= ISO 3166-2:LI =

Entry for Liechtenstein in ISO 3166-2

ISO 3166-2:LI is the entry for Liechtenstein in ISO 3166-2, part of the ISO 3166 standard published by the International Organization for Standardization (ISO), which defines codes for the names of the principal subdivisions (e.g., provinces or states) of all countries coded in ISO 3166-1.

Currently for Liechtenstein, ISO 3166-2 codes are defined for 11 communes.

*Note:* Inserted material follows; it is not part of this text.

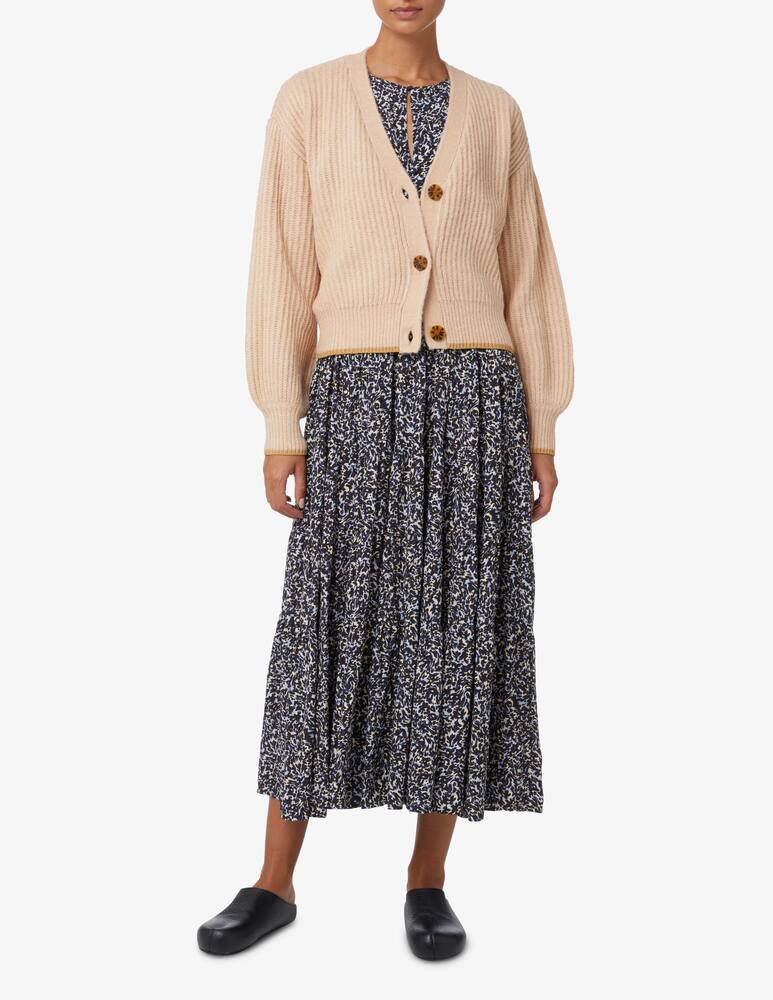 rinascente Scotch & Soda Cardigan in maglia Fuzzy - Beige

Each code consists of two parts, separated by a hyphen. The first part is LI, the ISO 3166-1 alpha-2 code of Liechtenstein. The second part is two digits (01-11).

==Current codes==
Subdivision names are listed as in the ISO 3166-2 standard published by the ISO 3166 Maintenance Agency (ISO 3166/MA).

Click on the button in the header to sort each column.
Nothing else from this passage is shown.